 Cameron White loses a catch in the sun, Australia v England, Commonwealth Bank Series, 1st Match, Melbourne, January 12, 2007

---

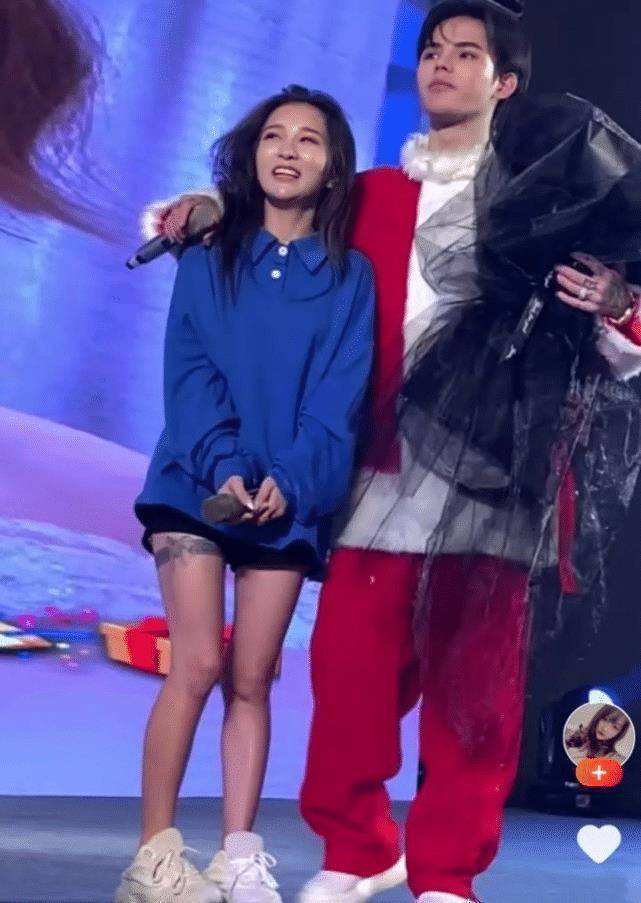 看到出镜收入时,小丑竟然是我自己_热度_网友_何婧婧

...

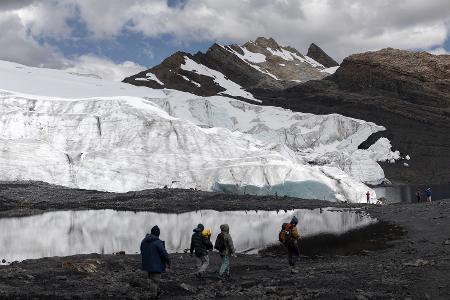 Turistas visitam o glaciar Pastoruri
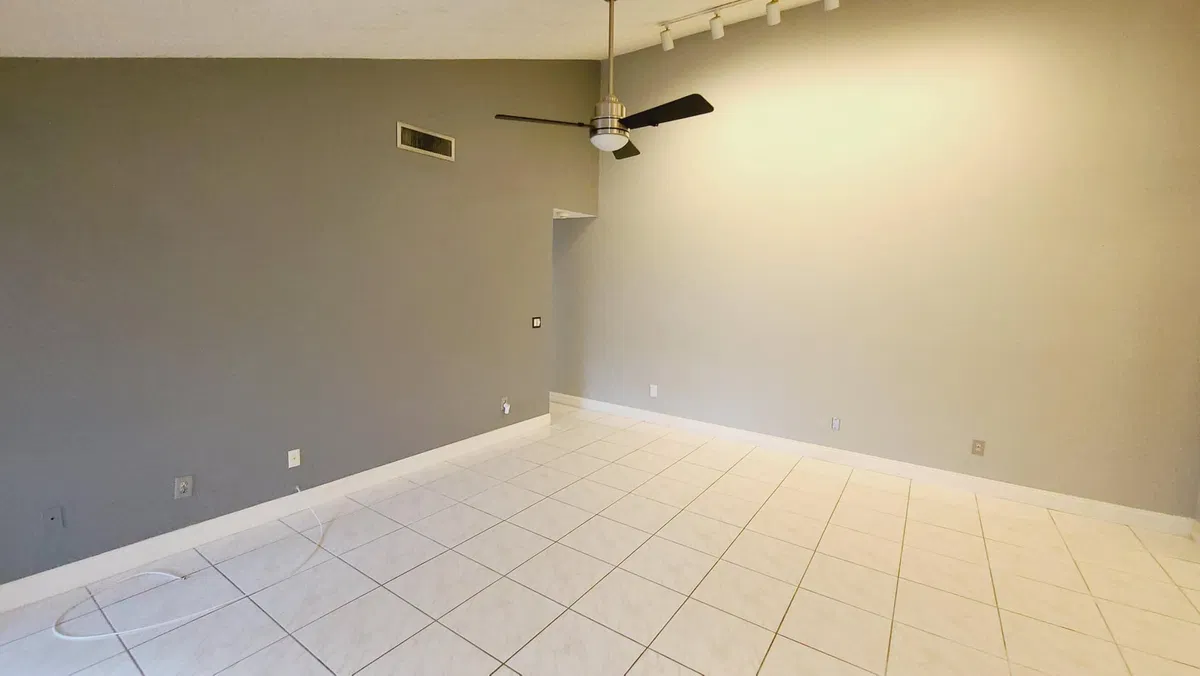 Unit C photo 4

→ Problem details: Would you copy, word for word, only the lines above from the one containing "Turistas visitam o glaciar Pastoruri" through the one containing "Unit C photo 4", both included, and please leave out the pictures?

→ Response to this task:
 Turistas visitam o glaciar Pastoruri
 Unit C photo 4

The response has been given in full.